La rivoluzione di Rodčenko
L’addio alla pittura di Aleksandr Rodčenko (1891-1956), uno dei padri del costruttivismo, avviene in maniera piuttosto eclatante e definitiva. È il 1921 e l’artista russo si esibisce con tre tele monocromatiche: Puro colore rosso, Puro colore blu e Puro colore giallo e afferma: “È tutto finito. Colori di base: ogni piano è piano e non c’è rappresentazione”. Dal 1924 si dedica a nuove forme d’arte che possano essere “strumenti di progresso sociale” come il collage, il fotomontaggio e la fotografia.
L’esperienza artistica di Rodčenko fa parte delle avanguardie della prima metà del novecento e rappresenta un momento straordinario di innovazione. Negli anni venti sperimenta prima con il fotomontaggio, che considera un mezzo di comunicazione eccellente per raggiungere anche la popolazione analfabeta. Successivamente comincia a usare una fotocamera Leica con cui documenta scene di vita quotidiana, a cui dà però un’interpretazione nuova scegliendo inquadrature oblique e punti di vista insoliti. Rodčenko non si ferma davanti alla realtà ma usa la fotografia al servizio di una rappresentazione dinamica delle sue costruzioni intellettuali.

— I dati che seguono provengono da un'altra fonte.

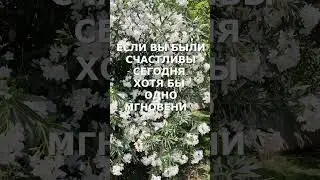 #счастье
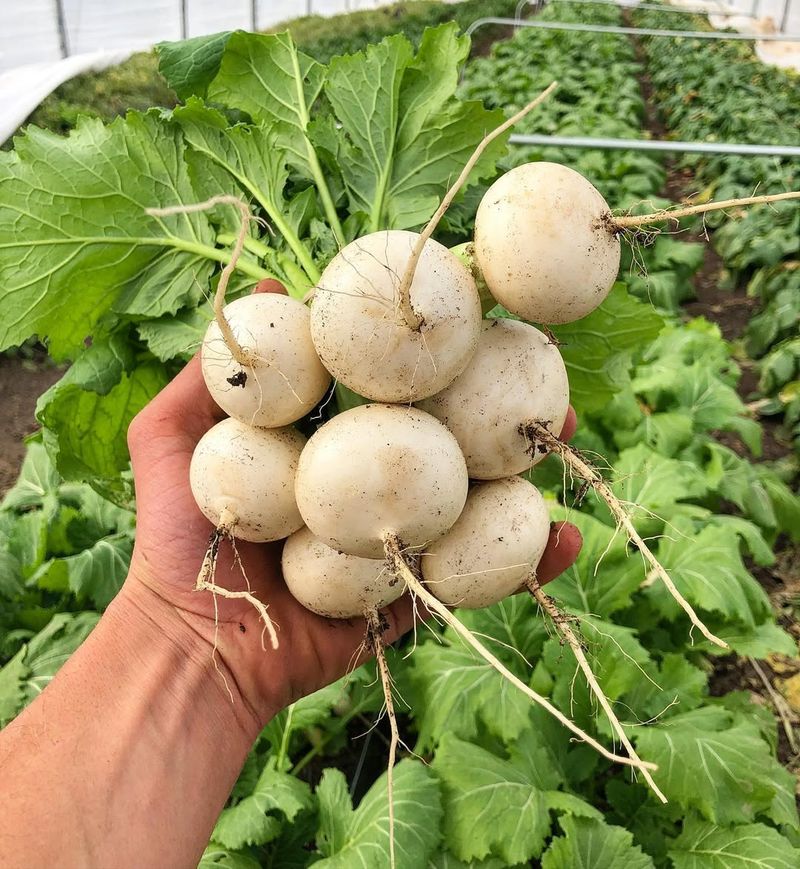 Turnips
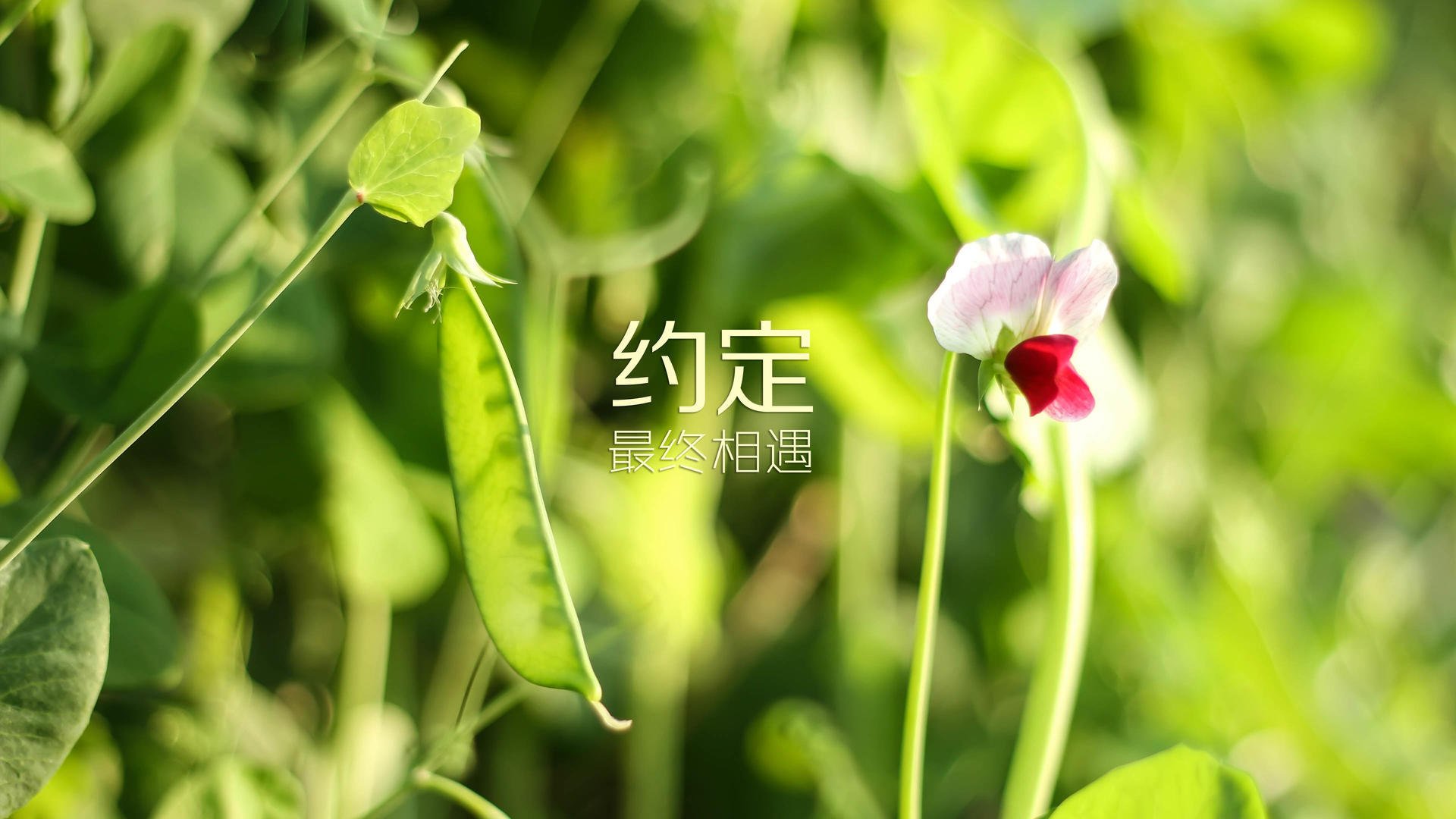 爱游戏在线登录入口-球迷是否对高消费转会已失去热情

Il suo linguaggio è diventato così influente da creare un repertorio di figure retoriche visive a cui si sono ispirate le generazioni successive. Con Rodčenko la fotografia documentaria è diventata arte.
Dal 1928 la burocrazia culturale del regime di Stalin, che scredita il pensiero liberale nell’arte, accusa l’artista di essere un formalista borghese. Non più sostenuto dal governo e dall’ideologia sovietica, Rodčenko si limita a realizzare reportage commissionati da giornali statali e dagli anni trenta torna alla pittura.
Alla sua produzione come fotografo è dedicata la mostra Aleksandr Rodčenko. Fotografia, curata da Ol’ga Sviblova, all’interno dell’evento Avanguardia russa in cui è allestita anche la mostra Capolavori dalla collezione Costakis. Le opere sono esposte a Villa Manin, a Passariano di Codroipo (Udine), fino al 28 giugno 2015.